The latest solar maximum prediction from Nasa was released and continues to forecast a solar maximum in Spring 2013.

Source: NASA

Update

The sun has woken up. Current sunspots are more in line with a rising trend.

A geomagnetic storm is in progress, so caution. But the extended geomagnetism forecast continues to show a flat to upwards trend ahead, which should provide support for risk assets.

I have updated all the short term and medium models, on their relevant pages.

Economic Surprises for major economies finally went negative yesterday – a bearish development.

Source: Bloomberg

European PMIs were weaker than expected, suggesting Europe is not out of recession yet. Leading indicators for Germany and China came in positive.

The US dollar remains undecided in the nose of its triangle, but running out of room. I maintain the expectation that the FOMC outputs may push it one way or the other.

Source: Stockcharts

Spain, Italy and France CDSs continue to rise. Portgual CDSs have fallen away and out of the limelight. But the bigger trio have the potential to overwhelm the markets if this continues.
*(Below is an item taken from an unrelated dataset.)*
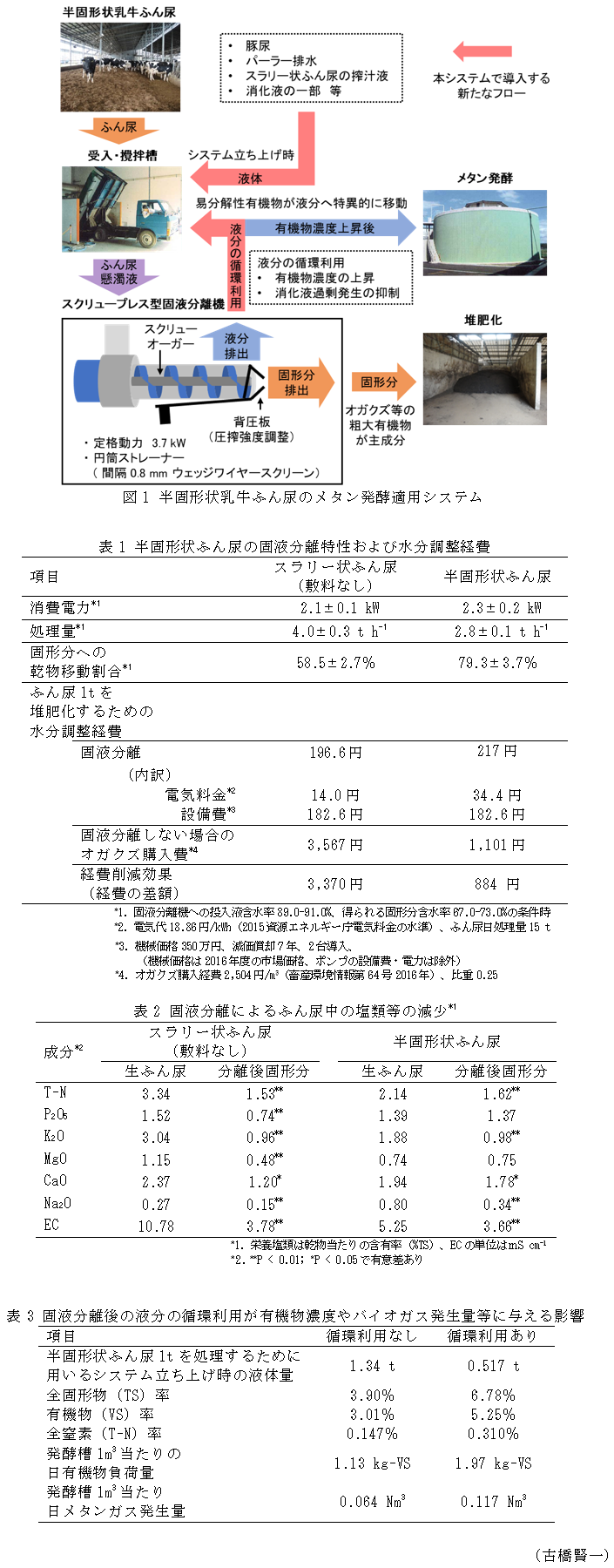 図1 半固形状乳牛ふん尿のメタン発酵適用システム,表1 半固形状ふん尿の固液分離特性および水分調整経費,表2 固液分離によるふん尿中の塩類等の減少*1,表3 固液分離後の液分の循環利用が有機物濃度やバイオガス発生量等に与える影響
Apple earnings today after the bell.

Charts

The first chart shows the Aussie dollar broke out of a falling wedge and successfully backtested, which previous marked new bullish uptrends in stocks and commodities.

Source: Chris Kimble

This second chart shows the Indian Sensex in a similarly bullish technical formation.

Source: Market Letters

The third chart shows that Dax sentiment washed out fairly swiftly, echoing AAII sentiment for US indices, making upside appear more likely  than down, from a contrarian perspective.

Source: Animus

And the last chart shows capacity utilisation as a US economic proxy, revealing the Fed has kept rates too easy recently, making significant inflation ahead more likely.

Source: Scott Grannis

All four charts make pro-risk look attractive right now. Shorter term I am still looking for upside into the end of this week, and will then review whether or not to sell my bounce equity longs. There are more important earnings first, and I am aware the uptrend in place again since yesterday could yet be part of a longer B wave that began a week ago, in an ABC correction down. Alternatively, given how quickly capitulative breadth was reached, the low could already be in and a revist of the highs coming next.

This Week

Friday’s action was a reversal of Thursday’s strength, including a potentially decisive channel exit for Apple, and Spain CDSs reaching new highs.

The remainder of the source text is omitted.